Despite recent therapeutic advances, current approaches to treating cancer remain incomplete. Cellular systems critical to the growth and survival of many tumors remain unaddressed by currently available treatments. Heat shock protein 90 (Hsp90) is a central component of the cellular chaperone system – a system that supports and stabilizes cancer-causing proteins such as c-Kit, EGFR, and HER2. Inhibition of Hsp90 knocks out a critical source of support for cancer cells, leading to tumor growth inhibition and cancer cell death. Thus, targeted anti-chaperone therapy via inhibition of Hsp90 may represent a significant yet currently unaddressed strategy for treating patients with cancer.

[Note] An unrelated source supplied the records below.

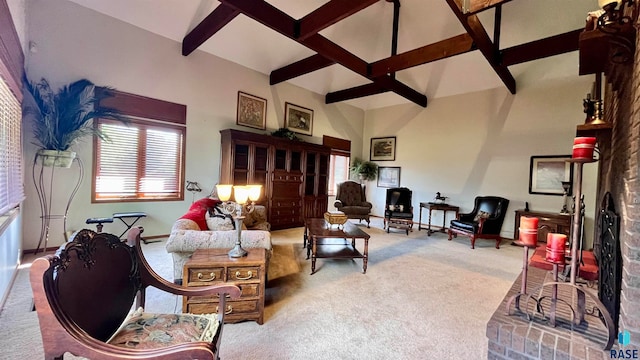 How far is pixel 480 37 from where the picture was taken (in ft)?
11.6

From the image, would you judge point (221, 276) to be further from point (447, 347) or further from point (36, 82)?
point (36, 82)

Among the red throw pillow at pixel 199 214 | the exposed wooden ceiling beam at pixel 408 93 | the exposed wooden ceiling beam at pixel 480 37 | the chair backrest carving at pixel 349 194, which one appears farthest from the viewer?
the chair backrest carving at pixel 349 194

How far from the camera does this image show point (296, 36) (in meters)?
3.55

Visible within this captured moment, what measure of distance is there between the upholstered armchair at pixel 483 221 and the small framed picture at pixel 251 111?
4.51m

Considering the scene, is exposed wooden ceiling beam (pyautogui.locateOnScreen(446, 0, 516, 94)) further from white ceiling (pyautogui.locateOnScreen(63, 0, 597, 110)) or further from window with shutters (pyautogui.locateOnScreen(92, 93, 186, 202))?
window with shutters (pyautogui.locateOnScreen(92, 93, 186, 202))

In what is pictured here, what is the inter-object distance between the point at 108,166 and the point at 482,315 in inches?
203

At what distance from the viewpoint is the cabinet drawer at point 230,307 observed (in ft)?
6.29

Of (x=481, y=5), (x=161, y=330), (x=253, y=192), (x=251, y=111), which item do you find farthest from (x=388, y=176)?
(x=161, y=330)

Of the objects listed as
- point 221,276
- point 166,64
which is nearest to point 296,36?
point 166,64

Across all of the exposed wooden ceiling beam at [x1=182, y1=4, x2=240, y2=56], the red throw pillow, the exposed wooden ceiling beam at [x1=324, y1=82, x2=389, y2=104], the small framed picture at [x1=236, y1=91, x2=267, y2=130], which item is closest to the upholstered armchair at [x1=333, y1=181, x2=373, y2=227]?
the exposed wooden ceiling beam at [x1=324, y1=82, x2=389, y2=104]

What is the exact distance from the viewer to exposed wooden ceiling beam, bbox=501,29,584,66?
354cm

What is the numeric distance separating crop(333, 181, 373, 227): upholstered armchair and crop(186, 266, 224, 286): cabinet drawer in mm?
4003

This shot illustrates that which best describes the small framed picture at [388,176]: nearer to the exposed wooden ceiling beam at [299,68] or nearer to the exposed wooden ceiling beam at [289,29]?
the exposed wooden ceiling beam at [289,29]

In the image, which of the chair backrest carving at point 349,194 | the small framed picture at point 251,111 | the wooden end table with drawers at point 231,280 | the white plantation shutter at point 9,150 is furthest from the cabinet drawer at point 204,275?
the chair backrest carving at point 349,194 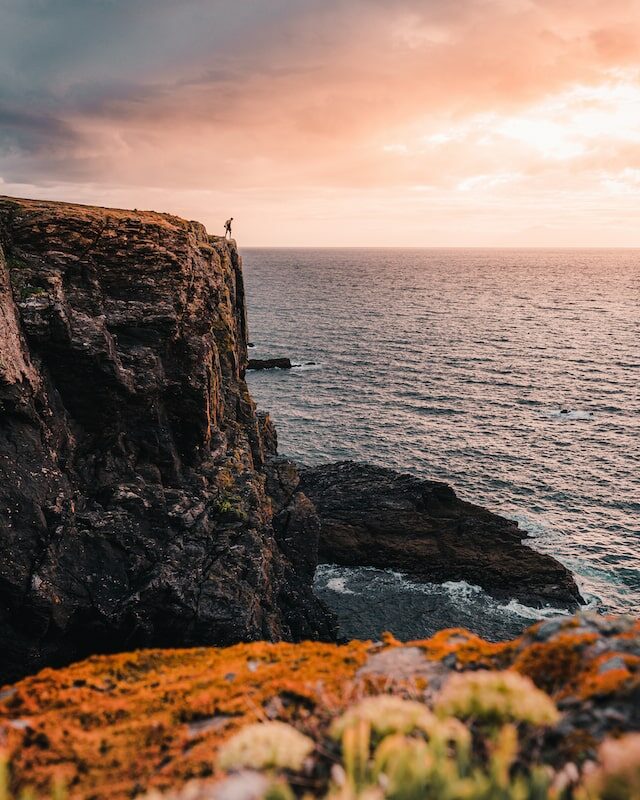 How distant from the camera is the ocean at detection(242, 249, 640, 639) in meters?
41.6

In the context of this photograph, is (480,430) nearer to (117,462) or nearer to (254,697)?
(117,462)

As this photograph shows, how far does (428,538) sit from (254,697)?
41.9 metres

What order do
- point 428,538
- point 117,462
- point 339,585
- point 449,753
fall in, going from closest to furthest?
point 449,753 → point 117,462 → point 339,585 → point 428,538

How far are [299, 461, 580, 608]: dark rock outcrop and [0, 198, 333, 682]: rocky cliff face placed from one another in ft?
40.6

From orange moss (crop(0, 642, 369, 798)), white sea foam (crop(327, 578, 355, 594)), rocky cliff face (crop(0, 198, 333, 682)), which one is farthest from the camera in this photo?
white sea foam (crop(327, 578, 355, 594))

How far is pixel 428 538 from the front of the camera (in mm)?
46719

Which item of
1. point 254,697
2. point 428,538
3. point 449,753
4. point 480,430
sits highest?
point 449,753

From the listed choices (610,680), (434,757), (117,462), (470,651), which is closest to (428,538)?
(117,462)

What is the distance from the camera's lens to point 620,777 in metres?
4.24

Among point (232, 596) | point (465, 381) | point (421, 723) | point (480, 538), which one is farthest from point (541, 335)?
point (421, 723)

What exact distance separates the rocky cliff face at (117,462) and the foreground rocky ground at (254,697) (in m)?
15.4

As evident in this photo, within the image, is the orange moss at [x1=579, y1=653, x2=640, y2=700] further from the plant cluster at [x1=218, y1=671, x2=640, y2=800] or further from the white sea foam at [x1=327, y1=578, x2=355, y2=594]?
the white sea foam at [x1=327, y1=578, x2=355, y2=594]

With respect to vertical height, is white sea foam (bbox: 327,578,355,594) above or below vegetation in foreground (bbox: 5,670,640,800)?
below

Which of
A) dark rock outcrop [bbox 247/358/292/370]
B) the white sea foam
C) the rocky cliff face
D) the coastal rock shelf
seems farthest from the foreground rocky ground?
dark rock outcrop [bbox 247/358/292/370]
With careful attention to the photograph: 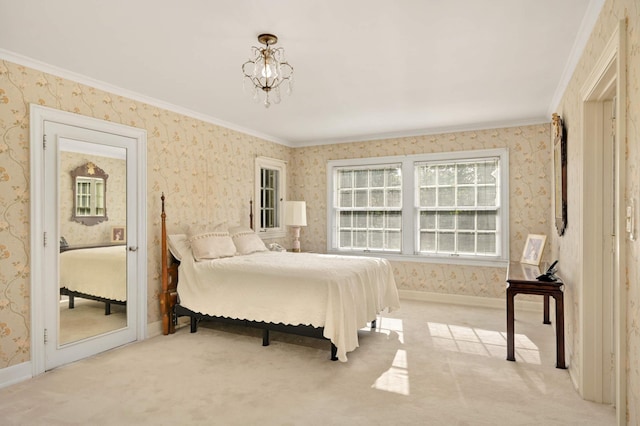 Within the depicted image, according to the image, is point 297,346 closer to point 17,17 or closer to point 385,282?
point 385,282

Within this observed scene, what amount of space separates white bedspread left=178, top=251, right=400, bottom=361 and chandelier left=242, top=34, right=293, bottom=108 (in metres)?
1.61

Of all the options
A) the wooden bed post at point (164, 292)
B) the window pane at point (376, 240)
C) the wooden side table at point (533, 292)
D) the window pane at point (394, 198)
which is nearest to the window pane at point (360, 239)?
the window pane at point (376, 240)

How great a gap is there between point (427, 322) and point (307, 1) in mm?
3724

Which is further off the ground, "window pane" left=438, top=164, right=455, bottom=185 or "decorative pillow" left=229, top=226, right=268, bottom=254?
"window pane" left=438, top=164, right=455, bottom=185

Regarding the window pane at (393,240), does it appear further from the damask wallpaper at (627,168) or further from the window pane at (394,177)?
the damask wallpaper at (627,168)

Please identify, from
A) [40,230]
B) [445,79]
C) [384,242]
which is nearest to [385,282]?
[384,242]

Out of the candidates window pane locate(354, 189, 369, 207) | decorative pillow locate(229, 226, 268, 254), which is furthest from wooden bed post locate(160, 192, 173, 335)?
window pane locate(354, 189, 369, 207)

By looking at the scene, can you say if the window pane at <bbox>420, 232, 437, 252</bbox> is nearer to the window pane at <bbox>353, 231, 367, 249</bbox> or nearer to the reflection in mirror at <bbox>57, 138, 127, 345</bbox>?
the window pane at <bbox>353, 231, 367, 249</bbox>

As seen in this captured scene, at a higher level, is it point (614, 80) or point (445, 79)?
point (445, 79)

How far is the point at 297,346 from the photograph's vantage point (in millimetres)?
3824

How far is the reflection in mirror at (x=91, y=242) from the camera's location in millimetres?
3428

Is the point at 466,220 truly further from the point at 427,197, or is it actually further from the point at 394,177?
the point at 394,177

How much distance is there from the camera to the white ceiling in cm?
238

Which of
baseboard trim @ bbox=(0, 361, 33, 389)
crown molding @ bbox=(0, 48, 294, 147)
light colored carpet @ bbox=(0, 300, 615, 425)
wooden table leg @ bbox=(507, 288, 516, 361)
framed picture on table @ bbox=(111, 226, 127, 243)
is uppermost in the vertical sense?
→ crown molding @ bbox=(0, 48, 294, 147)
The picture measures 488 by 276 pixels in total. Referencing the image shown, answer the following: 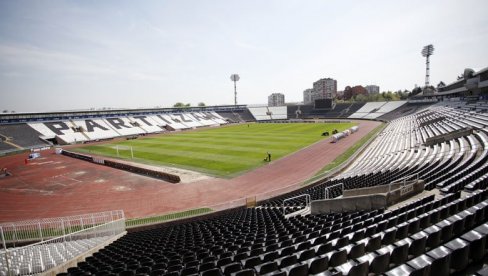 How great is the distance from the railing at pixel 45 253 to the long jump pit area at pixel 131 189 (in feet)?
22.0

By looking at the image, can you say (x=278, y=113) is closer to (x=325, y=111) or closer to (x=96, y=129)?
(x=325, y=111)

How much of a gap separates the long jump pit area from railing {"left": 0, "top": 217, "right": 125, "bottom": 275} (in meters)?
6.69

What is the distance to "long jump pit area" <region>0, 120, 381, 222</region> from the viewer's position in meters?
22.2

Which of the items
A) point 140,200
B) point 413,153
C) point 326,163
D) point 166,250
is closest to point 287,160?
point 326,163

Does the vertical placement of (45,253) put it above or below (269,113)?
below

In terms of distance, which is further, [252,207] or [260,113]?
[260,113]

Hsp90 Structure and Function Hsp90 Inhibition

IPI-504 (retaspimycin hydrochloride) is a novel, targeted anti-chaperone agent that has shown potent and selective inhibition of Hsp90 in preclinical studies. IPI-504 is currently being evaluated in multiple disease-focused clinical trials, as well as in combination with chemotherapy. Infinity anticipates launching a Phase 3 registration trial of IPI-504 in patients with refractory gastrointestinal stromal tumors in the third quarter of 2008.

Infinity is also developing an oral inhibitor of Hsp90, IPI-493, and anticipates commencing a Phase 1 clinical trial with IPI-493 in mid-2008.

IPI-504 and IPI-493 are being jointly developed by AstraZeneca/MedImmune.